WHERE (to_tsvector('english', "entities"."name"::text) @@ to_tsquery('english', 'banana'::text))
ORDER BY "rank0.48661998202865475" DESC LIMIT 5;
QUERY PLAN
---------------------------------------------------------------------------------------------------------------------------------------------------------------
Limit (cost=4475.12..4475.13 rows=5 width=24) (actual time=15013.735..15013.741 rows=5 loops=1)
-> Sort (cost=4475.12..4476.26 rows=2266 width=24) (actual time=15013.732..15013.735 rows=5 loops=1)

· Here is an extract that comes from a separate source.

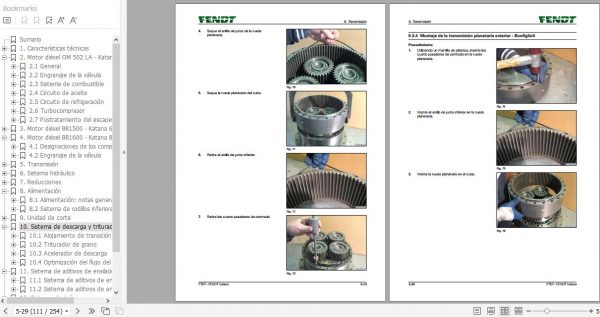 FENDT Forage Harvesters Katana FT57 ES Advanced Course Service Training Manual 3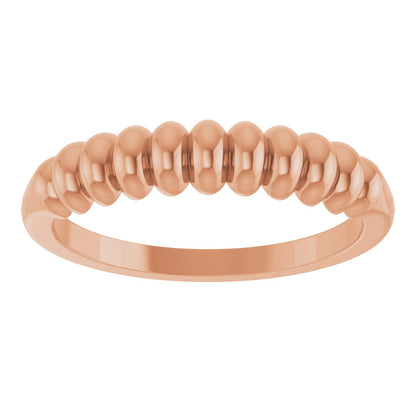 Puffed Metal Ring - Rose Gold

Sort Key: (ts_rank(to_tsvector('english'::regconfig, (name)::text), '''banana'''::tsquery))
Sort Method: top-N heapsort Memory: 17kB
-> Bitmap Heap Scan on entities (cost=43.31..4467.60 rows=2266 width=24) (actual time=0.872..15006.763 rows=1495 loops=1)
Recheck Cond: (to_tsvector('english'::regconfig, (name)::text) @@ '''banana'''::tsquery)
-> Bitmap Index Scan on gin_ix_entity_full_text_search_name (cost=0.00..43.20 rows=2266 width=0) (actual time=0.549..0.549 rows=1495 loops=1)
Index Cond: (to_tsvector('english'::regconfig, (name)::text) @@ '''banana'''::tsquery)
Total runtime: 15013.805 ms
(9 rows)
What I still don't understand, is why this is slower. Looks like it's fetching the same amount of rows from Bitmap Heap Scan , but takes so much longer.